[COLLECTED MATERIAL Boundary: Start]

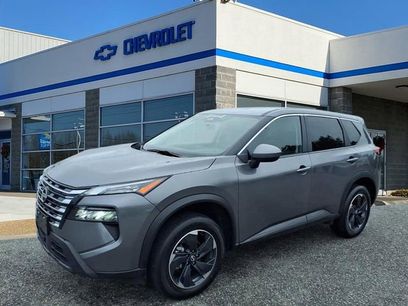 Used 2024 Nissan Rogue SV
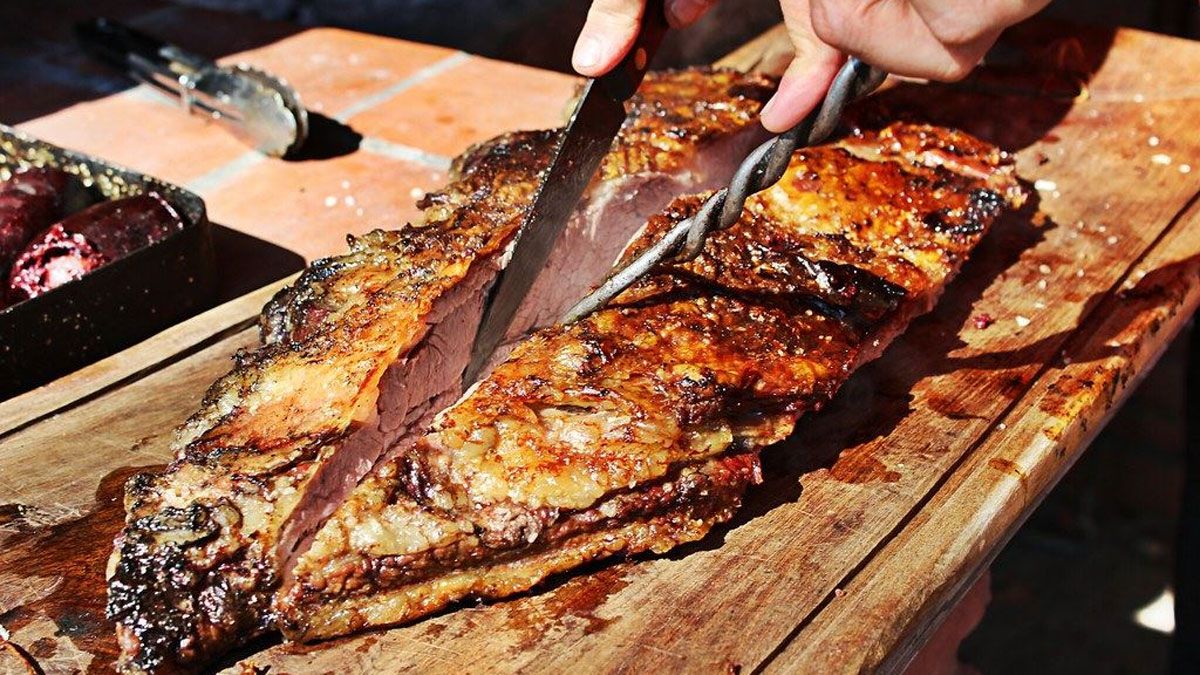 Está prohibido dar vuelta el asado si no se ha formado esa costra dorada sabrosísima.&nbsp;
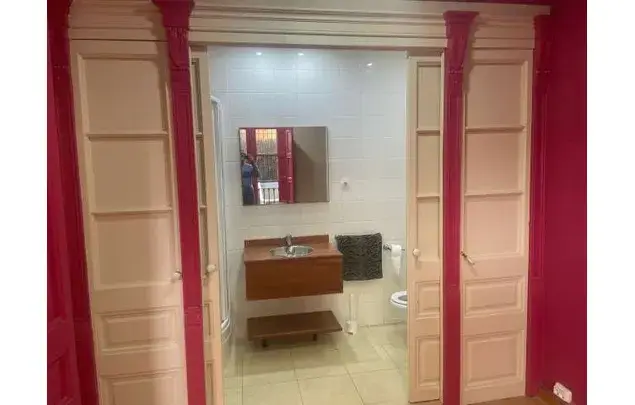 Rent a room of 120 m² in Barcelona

[COLLECTED MATERIAL Boundary: End]

**WORK ITEM:** Starting at the line with "Está prohibido dar" and stopping at the final line of the material, reproduce each line exactly, both ends included. Leave the pictures out.

**ANSWER SPACE:**
 Está prohibido dar vuelta el asado si no se ha formado esa costra dorada sabrosísima.&nbsp;
 Rent a room of 120 m² in Barcelona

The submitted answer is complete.